DIE LINKE. Sachsen hat sich im Rahmen der letzten Novellierung des Wissenschaftszeitvertragsgesetzes gegen weitere Befristungsmöglichkeiten von wissenschaftlichen Beschäftigten mit Promotion ausgesprochen. Eine Ausnahme ist bei einer Beschäftigung im Rahmen des Wissenschaftszeitvertragsgesetzes nur in zwei Fällen möglich:
1. wenn es sich um eine Qualifizierungsstelle handelt, bei der vorgesehen ist, dass nach spätestens zwei Jahren die Befristungsabrede entfällt, sobald in einem wissenschaftlichen Gutachten festgestellt wurde, dass die fachliche, pädagogische und persönliche Eignung des Qualifizierungsziels erreicht worden ist,
2. wenn es sich um eine Beschäftigung im Rahmen eines drittmittelfinanzierten Projekts handelt. Die Dauer der Befristung muss der Projektlaufzeit entsprechen, darf gleichzeitig jedoch nicht weniger als 24 Monate betragen.

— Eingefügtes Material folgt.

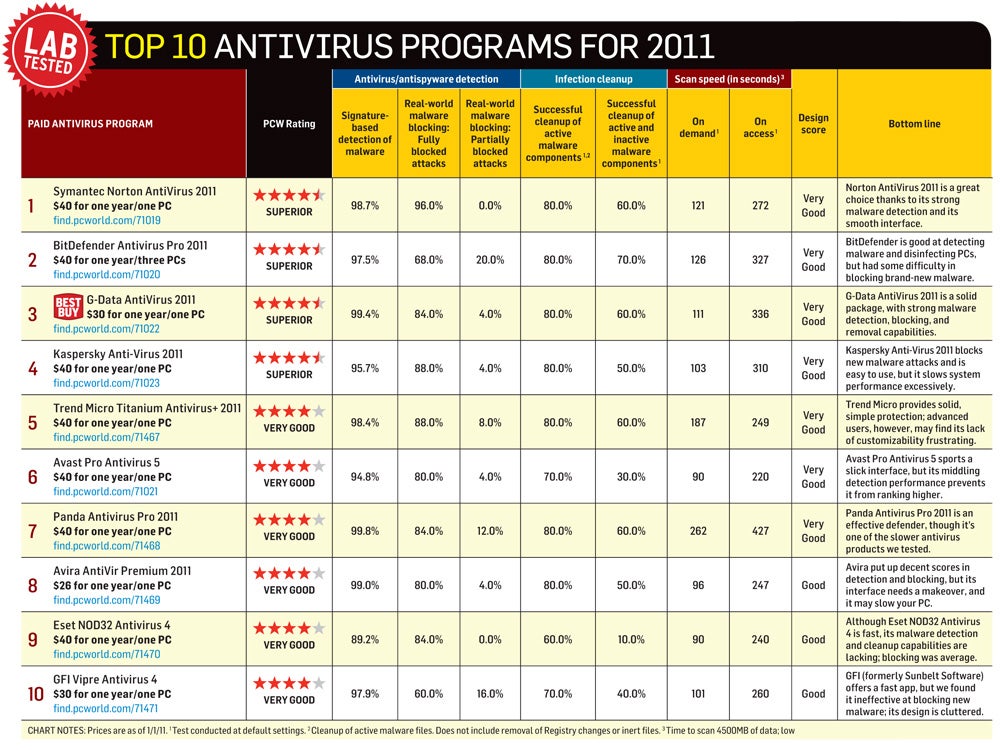 Norton Antivirus Comparison Chart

Um eine Umgehung des Wissenschaftszeitvertragsgesetzes zu verhindern, wollen wir die Möglichkeit zur sachgrundlosen Befristung nach Teilzeit- und Befristungsgesetz vollständig streichen und nur eine einmalige Verlängerung eines befristeten Arbeitsverhältnis beim gleichen Arbeitgeber erlauben.
7) Tenure Track
Halten Sie die Einführung von Tenure-Track-Professuren für ein wirksames Mittel, um nachhaltigere Personalstrategien an Universitäten zu etablieren? Falls ja, planen Sie über das Bund-Länder-Programm hinausgehende oder das Programm ergänzende Initiativen zu ihrer Etablierung in Sachsen? Falls nein, welche Maßnahmen halten Sie für effektiver?

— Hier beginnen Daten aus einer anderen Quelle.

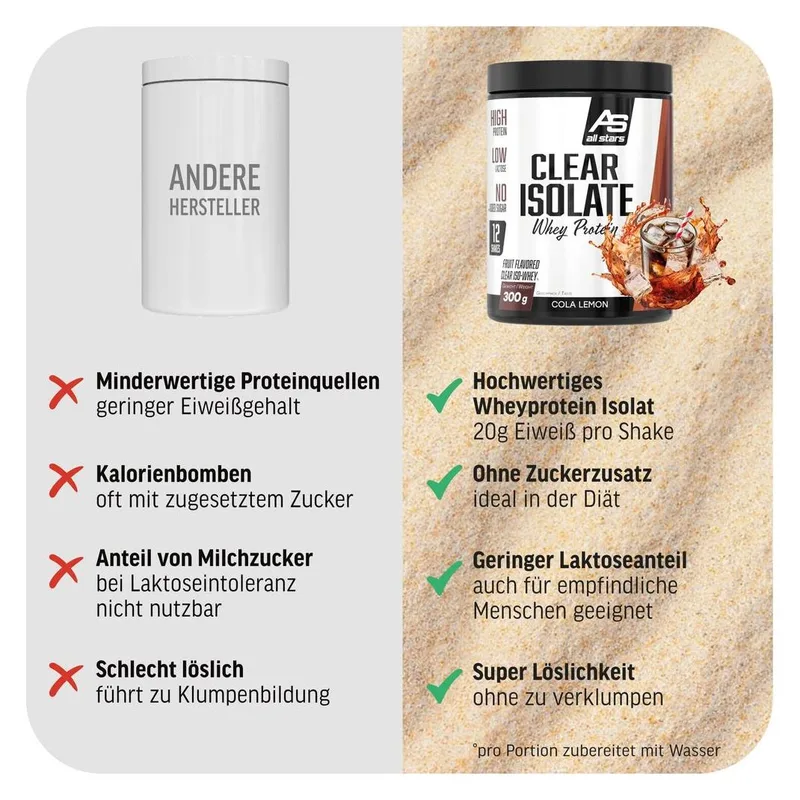Clear Isolate Whey Protein 300g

Tenure-Track-Professuren sind nur ein Mittel, um nachhaltigere Personalstrategien an Universitäten zu etablieren.
Auf allen Karrierestufen nach der Promotion müssen Tenure – Optionen die Regel werden, um Transparenz, Leistungsgerechtigkeit und Planbarkeit in den Karrierewegen zu sichern. Persönliche Abhängigkeiten und Hierarchien dürfen nicht länger die wissenschaftliche Kreativität und Innovationsfähigkeit junger Wissenschaftlerinnen und Wissenschaftler behindern. Um für ihre Mitarbeiter*innen nachhaltig sichere Rahmenbedingungen vorhalten zu können, benötigen die Hochschulen eine sichere finanzielle und personelle Ausstattung. Wir halten die Abschaffung des Lehrstuhlprinzips zu Gunsten eines Departmentmodells für eine effektivere Maßnahme.
8) Departmentstruktur
In den vergangenen Jahren wird verstärkt ein Wandel von einer Lehrstuhl- hin zu einer Departmentstruktur an Universitäten diskutiert. Wie bewerten Sie die Departmentstruktur als mögliche Organisationsform für sächsische Universitäten?

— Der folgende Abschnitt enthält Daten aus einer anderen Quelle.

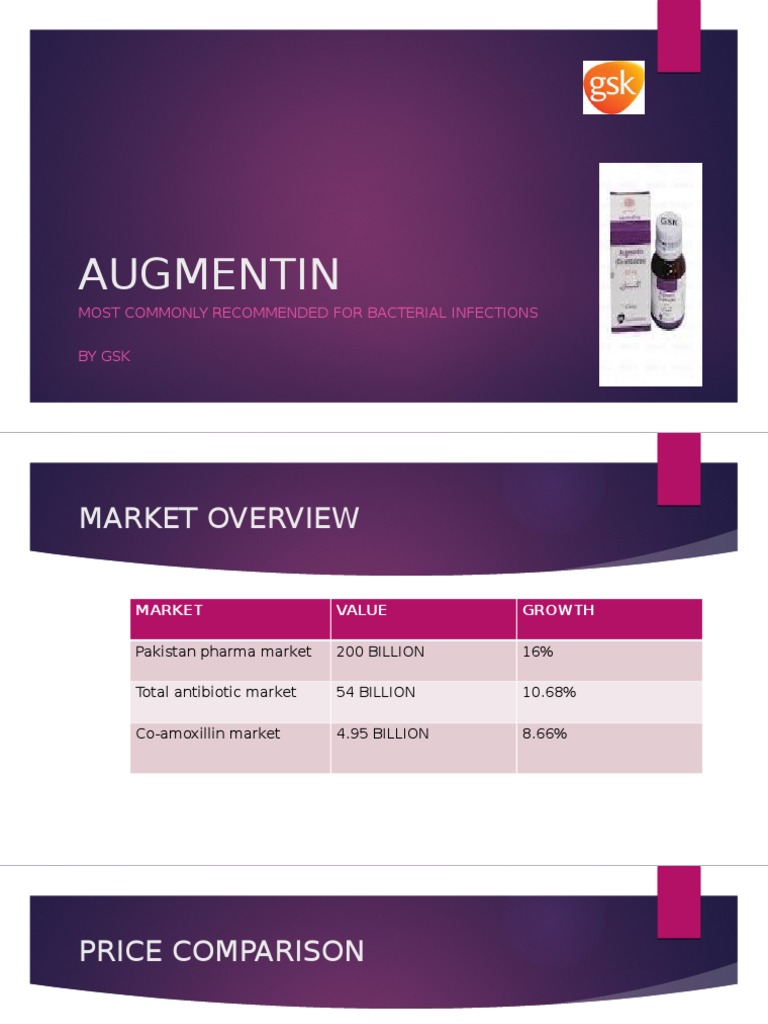 Augmentin: Most Commonly Recommended For Bacterial Infections by GSK | PDF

Im Gesetzesentwurf der Fraktion DIE LINKE im sächsischen Landtag zum Hochschulselbstverwaltungsgesetz wurde explizit die Abschaffung des antiquierten Lehrstuhlprinzips gefordert. Um den Hochschulen mehr Möglichkeiten zu geben, Mitarbeiter*innen unbefristet anzustellen, will DIE LINKE Departments einrichten. In diesen soll kollegial gelehrt und geforscht werden – unabhängig vom*von der Lehrstuhlinhaber*in.
9) Wissenschaftszeitvertragsgesetz
Wie zeitgemäß ist das Wissenschaftszeitvertragsgesetz?
Das Wissenschaftszeitvertragsgesetz will DIE LINKE. Sachsen zugunsten eines echten Wissenschaftsqualifizierungsgesetzes abschaffen.
10) Vereinbarkeit von Familie und Beruf
Wie lassen sich aus Ihrer Sicht familienfreundlichere Rahmenbedingungen für die Wissenschaft schaffen? In welchem Umfang wollen Sie in der nächsten Legislaturperiode Dual Career Modelle oder den Ausbau der Kinderbetreuung an sächsischen Hochschulen für Studierende und Mitarbeitende fördern?
Grundsätzlich will DIE LINKE. Sachsen familienfreundliche Hochschulen für alle Mitglieder schaffen. DIE LINKE. Sachsen will für Wissenschaftler*innen planbare Karriereperspektiven schaffen. Das bedeutet, die Abschaffung des Lehrstuhlprinzips und die auskömmliche Finanzierung der Hochschulen zur langfristigen Absicherung von in der Regel unbefristeten Beschäftigungsverhältnissen. Auch Angebote wie Dual-Career müssen weiter ausgebaut und vor allem auch an den Hochschulen für Angewandte Wissenschaften etabliert werden, um Familien zu stärken.